◆ **EXERCISE**: Restate all the lines below word for word, but omit the pictures.

BEGIN MATERIAL TO PROCESS

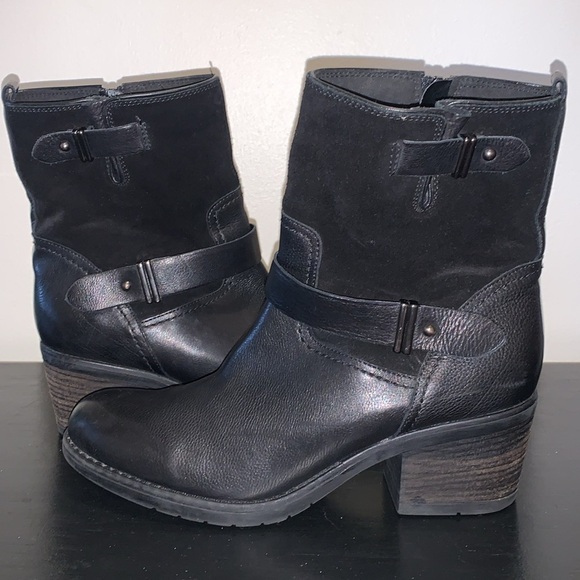 Clarks Leather and Suede Stacked Heel Boots. Size 10. - Picture 9 of 13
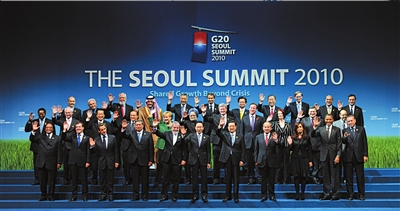 与会各国领导人及有关国际组织负责人集体合影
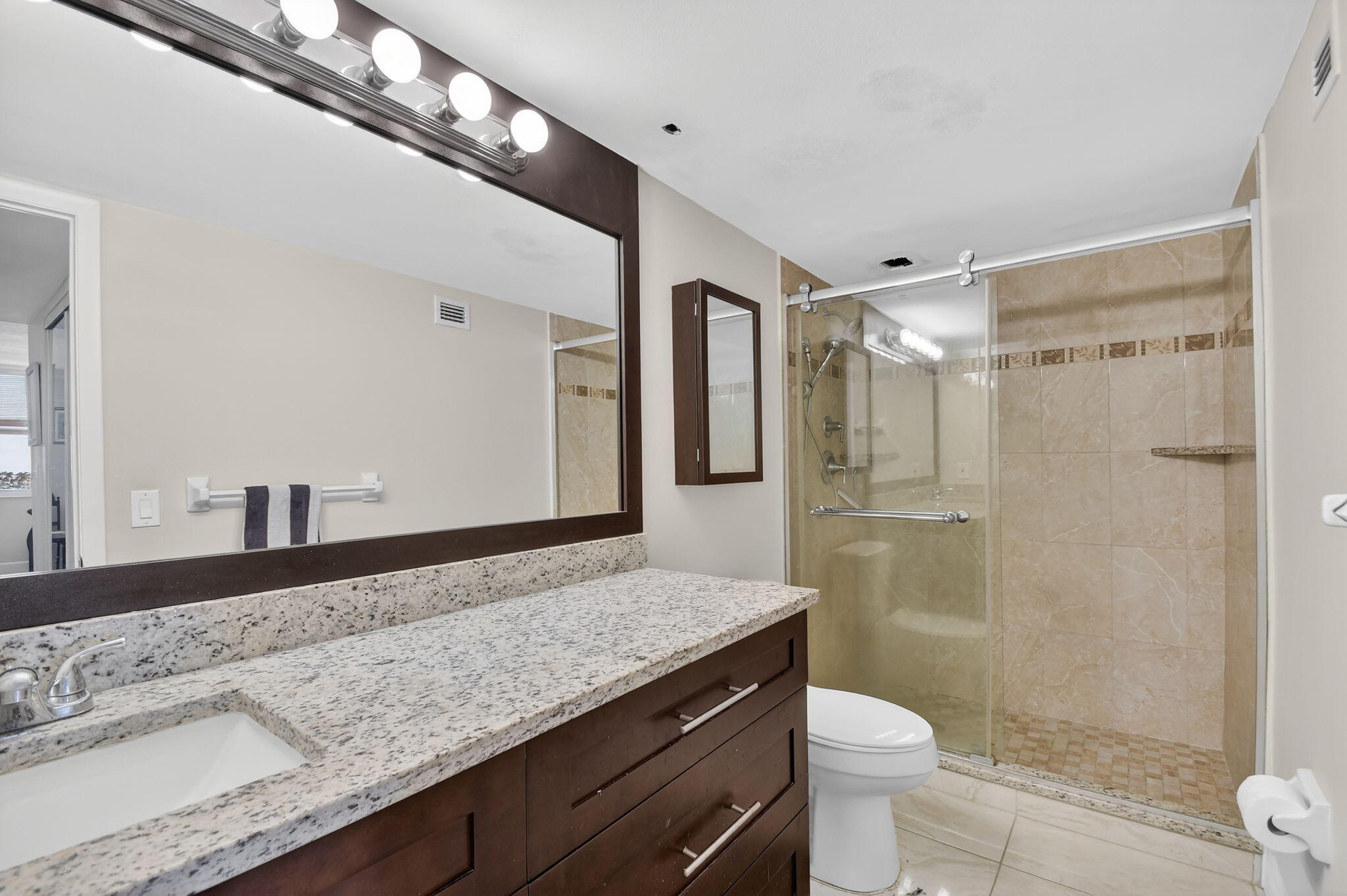 PATRICIAN OF PALM BEACH COND 35-44-43, N 275 FT OF - Residential Lease
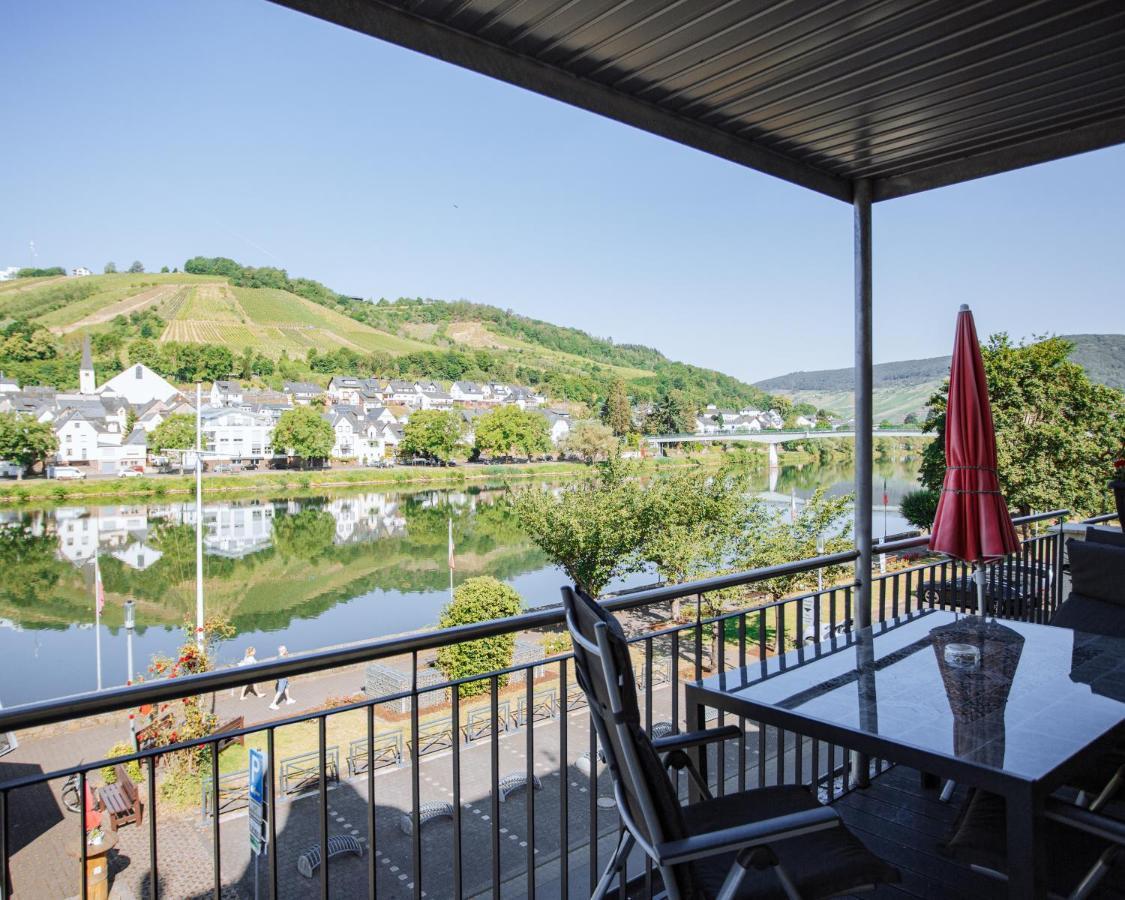 Ferienhaus Moselpromenade Zell an der Mosel Exteriör bild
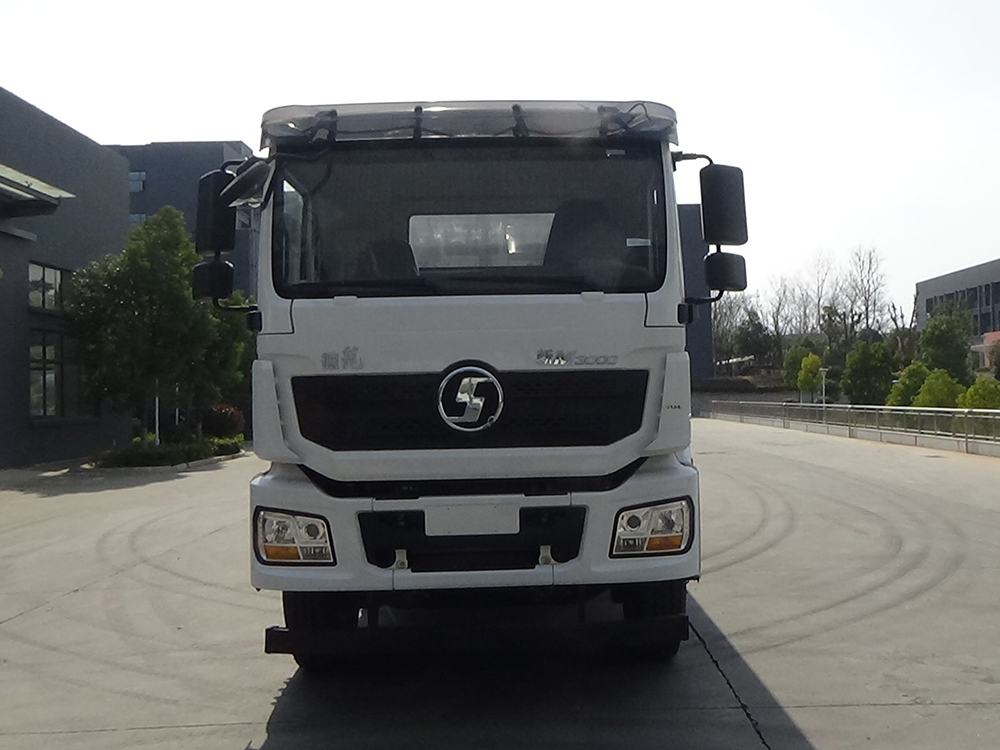 陕汽德龙液体运输车25方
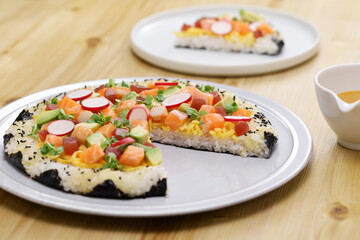 homemade Sushi pizza, creative sushi 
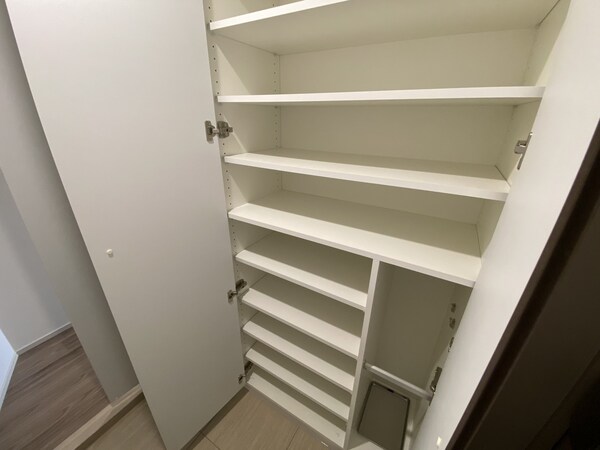 収納(収納)
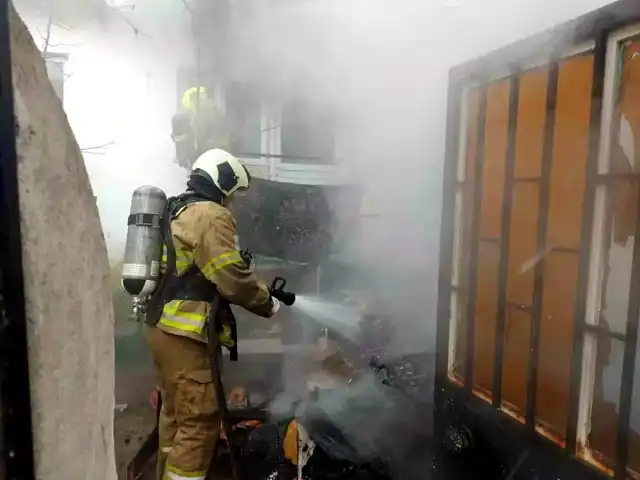 Balıkesir Karesi'nde Kömürlük Yangını Sönümlendirildi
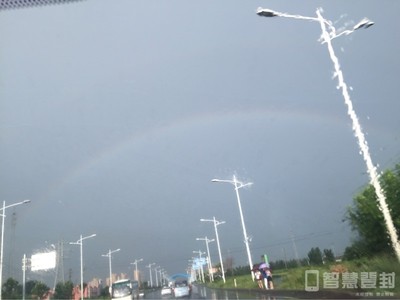 一场雨把我困在这里，你冷漠的表情会让我伤心 一场雨把我困在这里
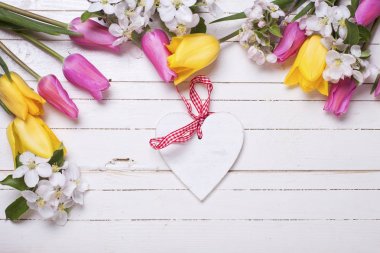 Dekoratif kalp ve çiçek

END MATERIAL TO PROCESS

◆ **EXERCISE RESULT**:
 Clarks Leather and Suede Stacked Heel Boots. Size 10. - Picture 9 of 13
 与会各国领导人及有关国际组织负责人集体合影
 PATRICIAN OF PALM BEACH COND 35-44-43, N 275 FT OF - Residential Lease
 Ferienhaus Moselpromenade Zell an der Mosel Exteriör bild
 陕汽德龙液体运输车25方
 homemade Sushi pizza, creative sushi 
 収納(収納)
 Balıkesir Karesi'nde Kömürlük Yangını Sönümlendirildi
 一场雨把我困在这里，你冷漠的表情会让我伤心 一场雨把我困在这里
 Dekoratif kalp ve çiçek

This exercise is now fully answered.